Table 4 lists the comparison of our proposed approach with those in [
23,
29,
37].
Figure 5 presents the specificity or the TNR for both the SVM polynomial and DT algorithms. The highest specificity achieved was 99.42%, delivered by the DT algorithm, while the other classifier gave 94.67%. That is, the same previous scenario, the DT algorithm outperforms the SVM polynomial algorithm. The overall error rate, on the other hand, is shown in
Figure 6. As expected, the error rate of the DT algorithm outperformed that of the SVM polynomial algorithm. In that way, the error rates were 0.61% and 3.89% for each of the DT and SVM polynomial algorithms, respectively.
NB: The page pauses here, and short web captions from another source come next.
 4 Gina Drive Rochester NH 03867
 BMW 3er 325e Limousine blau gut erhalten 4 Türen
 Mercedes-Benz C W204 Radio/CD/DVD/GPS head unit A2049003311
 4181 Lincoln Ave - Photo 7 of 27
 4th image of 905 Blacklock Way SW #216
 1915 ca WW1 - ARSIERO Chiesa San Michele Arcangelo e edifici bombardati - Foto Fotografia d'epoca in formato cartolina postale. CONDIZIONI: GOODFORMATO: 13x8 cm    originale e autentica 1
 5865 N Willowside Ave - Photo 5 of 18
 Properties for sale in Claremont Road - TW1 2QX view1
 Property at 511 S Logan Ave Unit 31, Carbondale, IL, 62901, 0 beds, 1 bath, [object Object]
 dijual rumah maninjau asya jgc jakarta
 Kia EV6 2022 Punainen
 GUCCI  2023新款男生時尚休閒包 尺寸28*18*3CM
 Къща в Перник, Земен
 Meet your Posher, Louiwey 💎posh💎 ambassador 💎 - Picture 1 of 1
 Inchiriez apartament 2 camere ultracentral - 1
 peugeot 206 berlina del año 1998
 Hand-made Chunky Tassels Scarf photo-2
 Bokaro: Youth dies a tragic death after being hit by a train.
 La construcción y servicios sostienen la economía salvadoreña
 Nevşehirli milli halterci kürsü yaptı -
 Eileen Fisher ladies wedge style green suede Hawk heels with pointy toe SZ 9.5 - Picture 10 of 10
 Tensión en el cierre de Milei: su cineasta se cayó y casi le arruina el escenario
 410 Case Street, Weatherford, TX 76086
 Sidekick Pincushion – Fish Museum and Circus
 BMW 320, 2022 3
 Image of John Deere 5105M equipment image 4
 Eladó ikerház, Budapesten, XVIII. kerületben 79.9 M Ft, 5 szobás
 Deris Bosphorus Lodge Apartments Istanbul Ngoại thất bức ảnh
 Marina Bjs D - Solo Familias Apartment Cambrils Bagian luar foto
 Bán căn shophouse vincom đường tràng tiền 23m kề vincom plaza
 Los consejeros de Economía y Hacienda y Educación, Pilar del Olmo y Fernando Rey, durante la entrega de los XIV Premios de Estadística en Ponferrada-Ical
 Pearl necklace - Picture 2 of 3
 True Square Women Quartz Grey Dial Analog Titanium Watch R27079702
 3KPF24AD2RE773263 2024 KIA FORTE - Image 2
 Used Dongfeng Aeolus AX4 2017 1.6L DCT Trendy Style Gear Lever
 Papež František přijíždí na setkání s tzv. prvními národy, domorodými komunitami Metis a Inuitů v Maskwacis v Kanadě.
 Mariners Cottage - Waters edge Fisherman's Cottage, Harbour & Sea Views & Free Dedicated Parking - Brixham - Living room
Figure 7a shows the results of the precision of DT and SVM polynomial algorithms. The precision of the DT was 99.33% while the SVM polynomial produced 93.65%. The results in
Figure 7a were expected since the previous results also showed that the DT algorithm outperformed SVM with the polynomial core algorithm. Last but not least, F-measure results are given in
Figure 7b. As shown in the previous results, the DT continuously outperforms the SVM algorithm; that is, in
Figure 7b, the DT also showed better performance than the SVM, where the F-measure of the DT algorithm was 99.34% and that of the SVM was 95.73%.
For the comparison of the classifiers’ performance measures, i.e., the DT and SVM performance measures,
Figure 8 shows all of the above results in one place, for convenience. In other words,
Figure 8 shows the accuracy, error rate, sensitivity, specificity, precision, false positive rate, and F-measure results of DT and SVM polynomial algorithms.
That is, from these results, it can be said that these five features, which were obtained from the feature reduction operation using the SMA, are certainly useful and full of information to almost detect most of the attackers. This can be confirmed in
Figure 9. Thus, from
Figure 9, the performance of the DT algorithm as compared with the SVM of polynomial core, is significantly outperforming. However, the errors shown in
Figure 9, 0.9%, 3.0% for the SVM, and 0.3% (for both errors) for the DT algorithm, are comparable with those in other research. Although only five-features were used to deduce these results. Hence, the SMA for FS performed very well.